While there is a plethora of Linux distributions, most of us end up choosing only one as their main daily driver. Personally, I have been working on Debian most of my UNIX/Linux life. After a little bit of Unix and SuSE Linux, I started my Debian journey when I had to set up servers for some of the projects I was working on. Later, Ubuntu became my go-to desktop distro for software development.
Recently, I decided to try a different Linux distribution as my daily driver. After some consideration, my vote went to Fedora 32.
I hadn't planned to turn this into a blog post, but after a request on Twitter, here's my write-up of what I did - or remember doing - to set up my Surface Pro 4 (i7, 256GB SSD, and 16GB RAM) with Fedora 32 and Windows 10.
The main goals I had in mind were related to avoid the most common Linux annoyances that I had run into in the past.
- WiFi must be stable.
- BitLocker Recovery must not prompt me for the key every time I start Windows.
- The setup must be fully encrypted. That is, BitLocker on Windows, LUKS2 on Fedora, and SecureBoot enabled.
- Touchscreen should work under Linux.
- Hibernate/Suspend/Sleep should work reliably.
Before You Start
Before you start, there's a few things to know to avoid surprises.
I recommend having a read through the following links prior to starting the installation process. My write-up here is complimentary to them.
- Fedora 32 Installation Guide
- Linux Surface Kernel Installation Instructions
- Linux Surface Kernel Repositories
- Fedora Grub2 documentation
In order to make this setup work smoothly, make sure that Windows' BitLocker is turned off. This is crucial in avoiding a situation where the BitLocker Recovery screen would otherwise pop up every time you boot Windows.

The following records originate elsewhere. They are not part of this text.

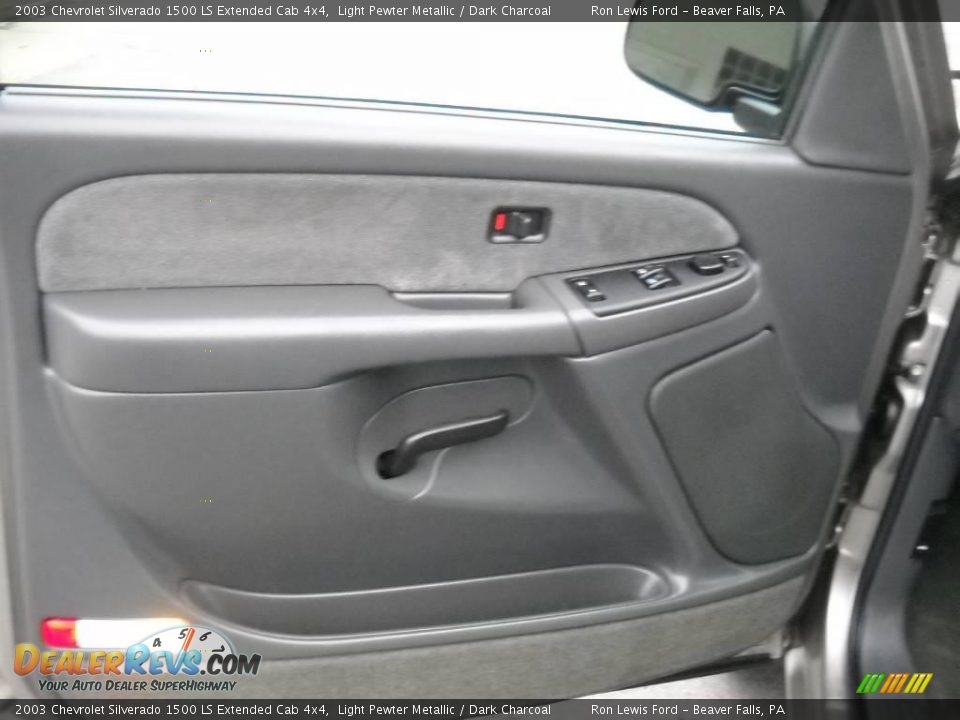 2003 Chevrolet Silverado 1500 LS Extended Cab 4x4 Light Pewter Metallic / Dark Charcoal Photo #19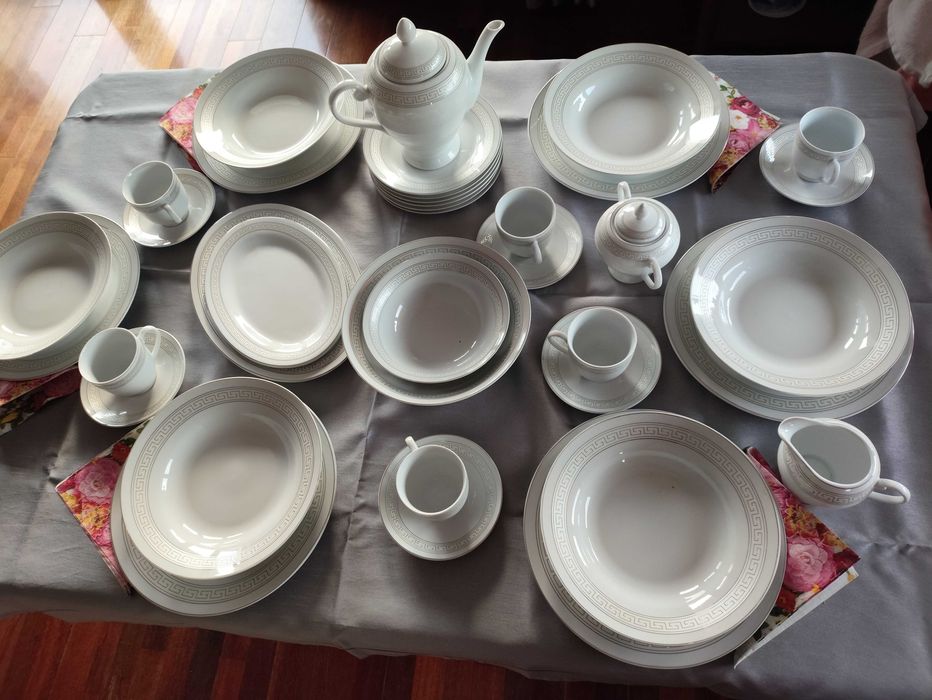 Zestaw obiadowo-kawowy dla 6 osób Altom, 37 el., biało- srebrny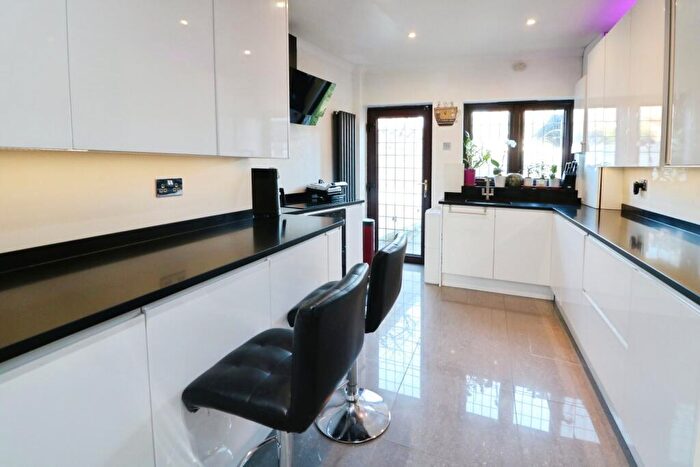 4 Bedroom Semi Detached House For Sale In Peregrine Road, Ilford, IG6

Further, remember to back up your BitLocker Recovery Key when you enable BitLocker at a later stage (after Fedora is installed). I highly recommend binding your Microsoft account to your Windows login, because you will be provided with an option to back up your BitLocker key to your Microsoft account, and it only works if you use your Microsoft account to log in to Windows.
Once backed up, you can then access the key at any time at http://account.microsoft.com/devices/recoverykey. It's really practical for when you occasionally make changes to the secure boot setup (due to kernel upgrades, boot sequence changes, and so on).

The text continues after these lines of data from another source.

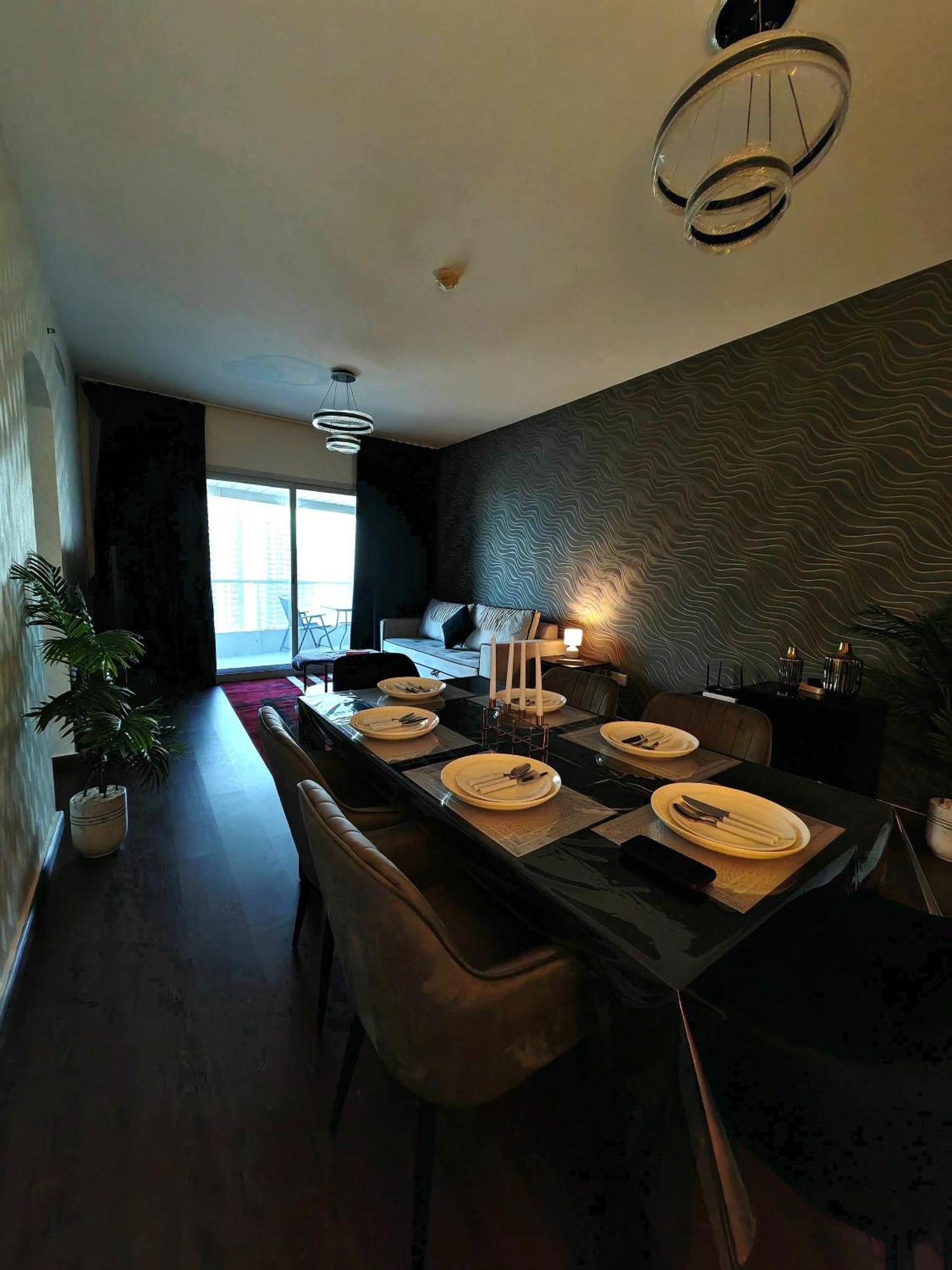 Full Marina View 2 Bhk Apartment Dubai
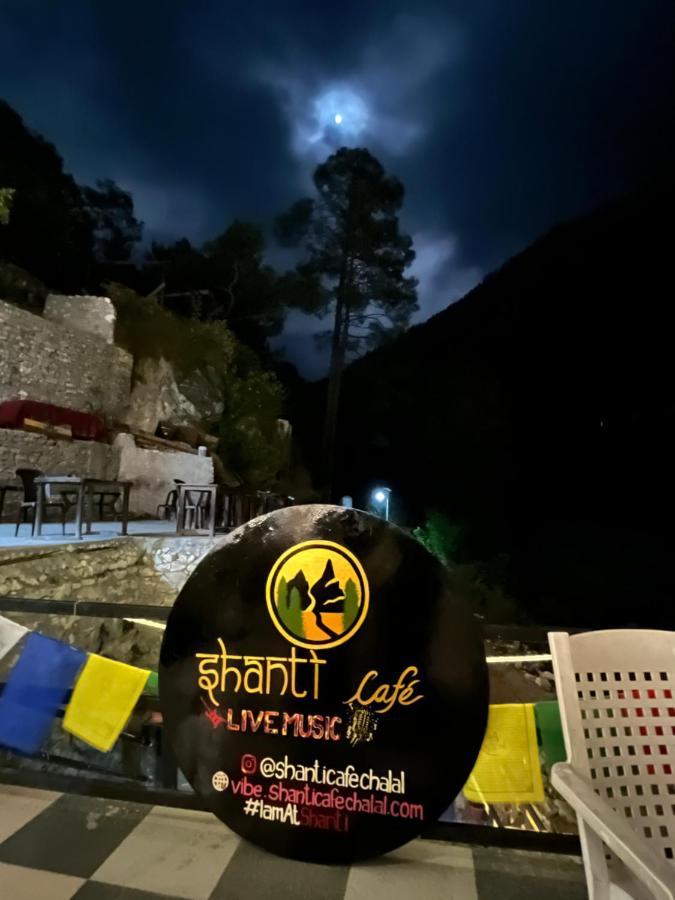 Shanti Cafe & Hostels Kasol Exterior photo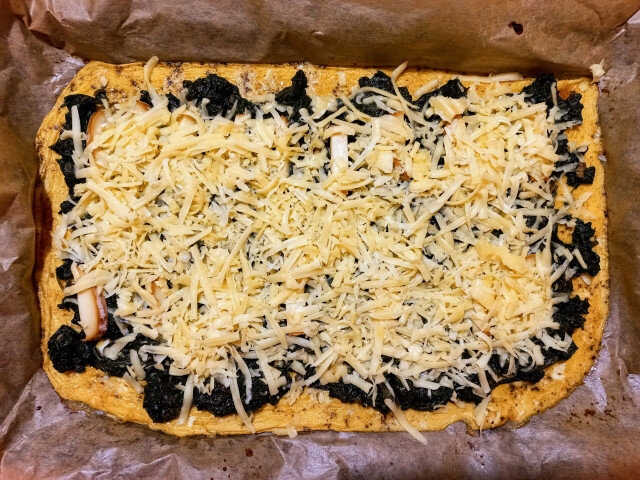 Спаначена пица с моцарела без брашно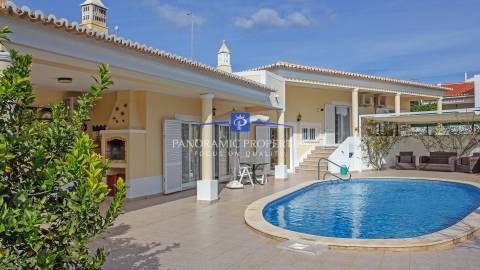 Moderna villa de 4 quartos com piscina e garagem em urbanização tranquila perto de Lagos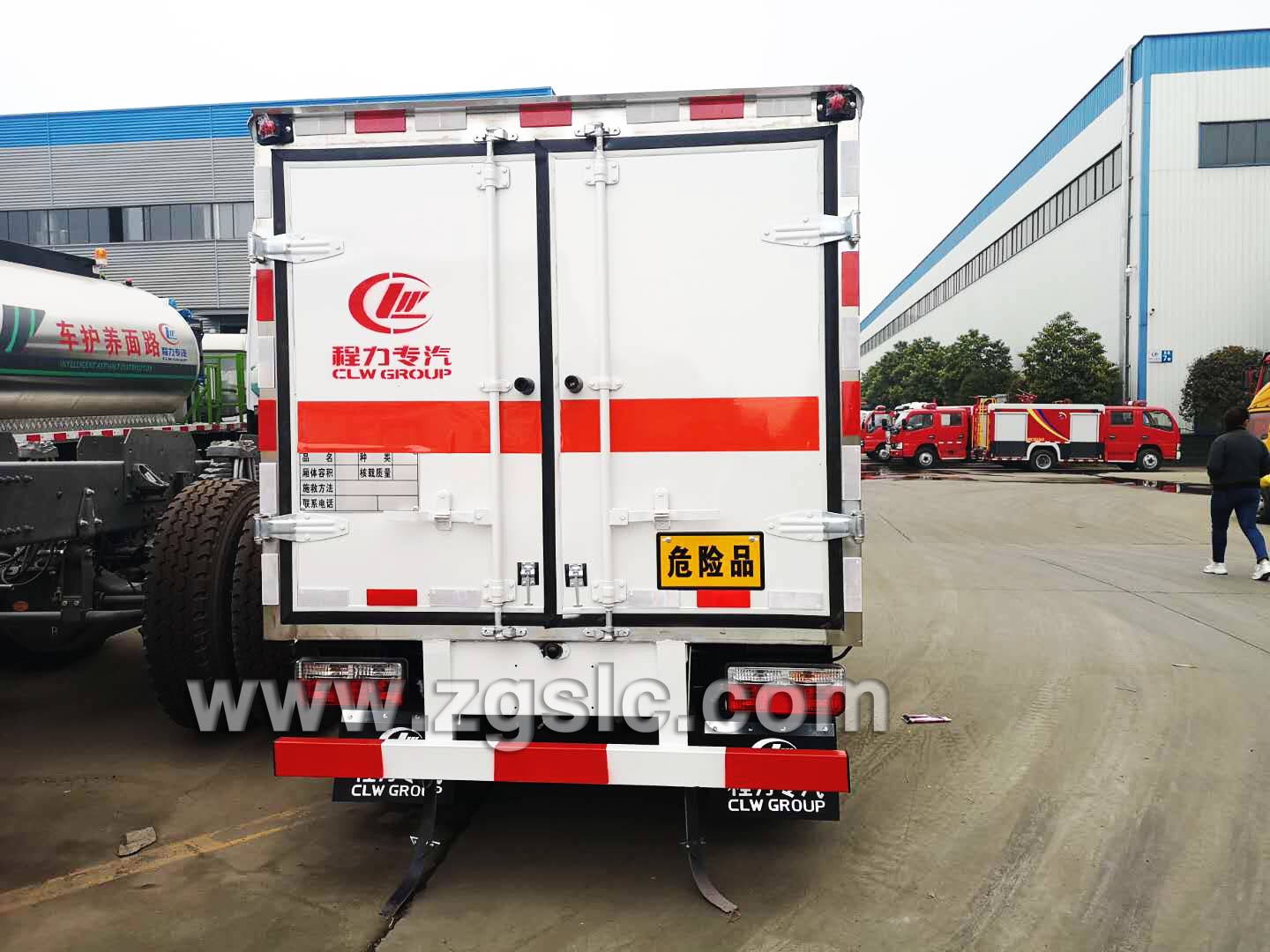 東風途逸易燃氣體廂式運輸車(國五)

- Your Microsoft account is your friend!
You can enable BitLocker (again) once your Fedora setup is complete.
If you forget this step, you will have to 'fix' SecureBoot/BitLocker by rebooting Windows after the installation process is done. There, disable and re-enable BitLocker again. For obvious reasons, it is better to disable BitLocker before installing Fedora or any other Linux distro.

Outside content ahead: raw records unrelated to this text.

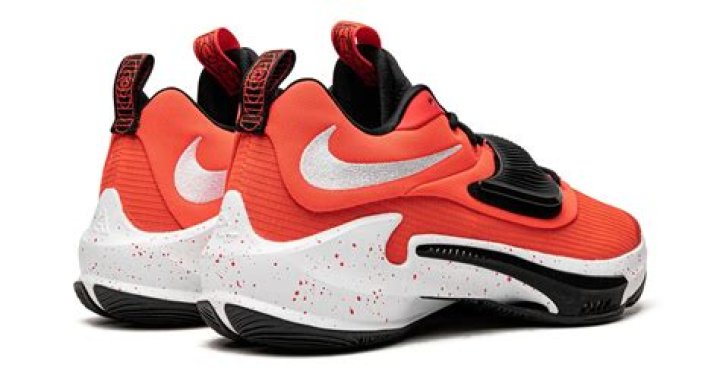 Five Best Giannis Antetokounmpo Shoes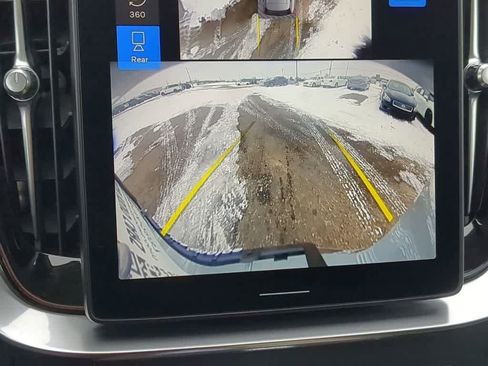 Certified 2026 Volvo XC90 B6 Plus w/ Protection Package Premier image 30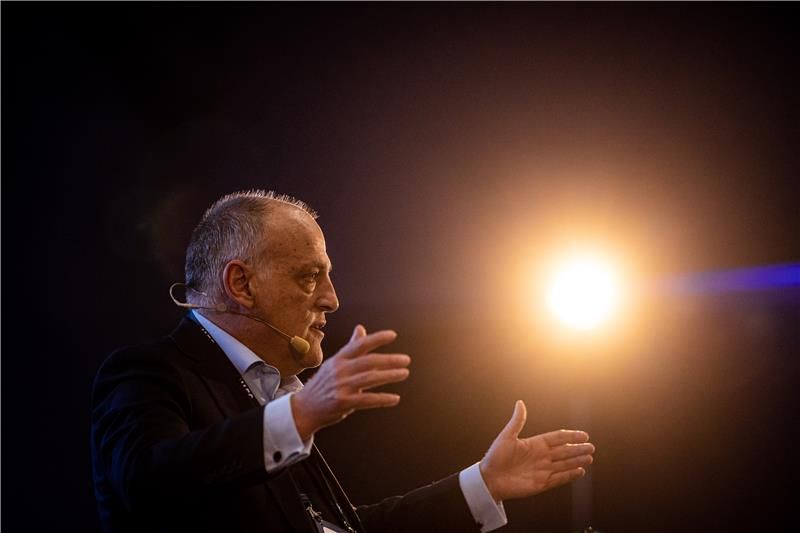 خافيير تيباس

Some blogs suggest turning off SecureBoot for this procedure. From my experience, this is not necessary, as long as you turn off BitLocker before you install Fedora. You may at a later stage be required to enter the BitLocker key should you make subsequent changes to UEFI or install a new kernel, but those times of entering the recovery key are one-offs.
Try not to edit the GRUB configuration file
/boot/efi/EFI/fedora/grub.cfg directly. This is also mentioned in the file itself:
# # DO NOT EDIT THIS FILE # # It is automatically generated by grub2-mkconfig using templates # from /etc/grub.d and settings from /etc/default/grub #
If you wish to re-generate the configuration file, use
sudo grub2-mkconfig -o /boot/grub2/grub.cf
Touchscreen OR Surface Pen
The linux-surface kernel installation instructions mention that you can get either the touchscreen or the surface pen to work (with
libwacom-surface). This was something that really irritated me after installing the kernel. So keep in mind that the surface pen is the default enabled choice, and you can have only one of the two working at a time.
The latest kernel works with either single-touch OR pen support (you have to choose one or the other). By default pen support is enabled.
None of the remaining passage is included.